# ford truck won't start when hot



## retire2$ (Feb 12, 2003)

I have a 94 Ford F-150 with a 300 cubic inch engine with 225,000 miles. When you drive a distance (30 miles) and you shut the engine off it will not restart. When you turn the key it just clicks like the battery is dead. If you wait half hour or so and then try it again the truck will start. I have replaced the plugs, wires, distributor cap, rotor, ingition module, and starter. I had the starter (which was the original) checked at Autozone and they confirmed the starter was bad. Any suggestions or thoughts on what the problem may be?


----------



## citxmech (Dec 26, 2011)

Does that Ford have a remote starter solenoid (ie not attached to the starter itself)? If so, I'd try replacing that. Sounds like some electrical component is getting hot and failing intermittently. The other possible culprit is the battery itself. To rule that out you could swap in a known good battery or have a shop load-check your current battery.


----------



## Danaus29 (Sep 12, 2005)

It's probably one of your temperature sensors. I'll have to ask dh because I'm not sure exactly which one was bad on our van but it did the same thing. It was fine if you drove to work and let it set for 8 hours but it was no good for running around and shopping.

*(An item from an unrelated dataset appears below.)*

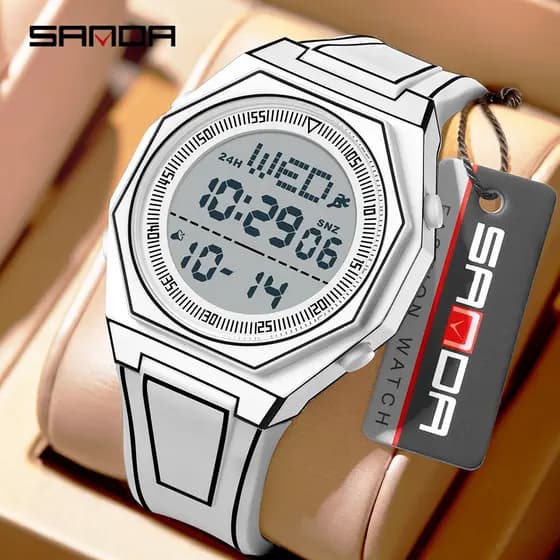 SANDA 9097 Relógio Eletrônico Masculino Esportivo Multifuncional À Prova D'água Cor Luminosa Despertador Temporizador Fe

Maybe manifold air charged temp sensor. He won't get home until midnight but I'll ask when he does get home.


----------



## HermitJohn (May 10, 2002)

If its just solenoid clicking, you arent getting enough currant to the starter. Look for corroded ground connection (where negative battery cable bolts to engine). I had this problem on my little Ranger some time ago, until I hunted up one of those hardened prickly star washers to use between cable end and where it bolted to engine. Just enough corrosion would build up there. And boy it was a bugger to track down that first time, just never occured to me to look for corrosion there. After first time, it was easy next time to know where to look. As I say, eventually got annoying enough I specifically hunted up one of those washers made for this purpose, the little points on them dig into the softer metals and keep contact even with some corrosion.

Or you could have a weak battery or battery isnt getting full charge. Or bad battery cable. I assume you have cleaned your battery terminals?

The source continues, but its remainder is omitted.